New York court finds part of collective agreement unenforceable
A termination dispute arising from a collective bargaining agreement (CBA) was not arbitrable because giving for-cause termination protection to an exempt-class employee via the CBA would violate a statute, decisional law, or public policy, a recent New York ruling said.
Exempt-class civil service employees are those who have positions of a confidential nature and personal qualities that an examination cannot practicably test. This class of employees is terminable at will. In 2012, the Town of Monroe appointed to its planning board a new secretary, whose role was deemed an exempt position.
In 2015, the town entered a CBA with Teamsters Local 445. The CBA defined the bargaining unit to include the secretary, vested certain exempt employees with for-cause termination protection, made the discipline and termination procedures in sections 75 and 76 of the Civil Service Law applicable to the secretary and to most other employees, and provided grievance procedures leading to binding arbitration.
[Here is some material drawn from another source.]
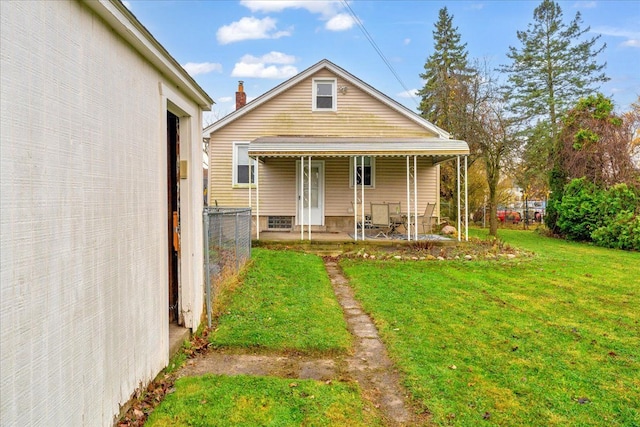 exterior space featuring a patio area and a yard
In 2017, the town terminated the employee. This prompted the union to file a grievance alleging violations of the CBA’s just cause termination provision and of the requirements of section 75. When the town refused to address the grievance, the union filed a petition to compel arbitration.
Read more: What happens if a worker sues for wrongful termination, age discrimination – after signing a release
The town filed a motion to dismiss. The New York Supreme Court denied this motion and ruled in the union’s favor. Neither law nor public policy prohibited the parties from bargaining tenure protections for an exempt employee or prevented the employee from arbitrating the termination, the court said.
The Appellate Division agreed with the Supreme Court’s decision. Thus, the Supreme Court granted the petition to compel arbitration.
Dispute shouldn’t be arbitrated
In The Matter of Teamsters Local 445 v. Town of Monroe, the State of New York Court of Appeals held that the lower court should have denied the union’s petition to compel arbitration.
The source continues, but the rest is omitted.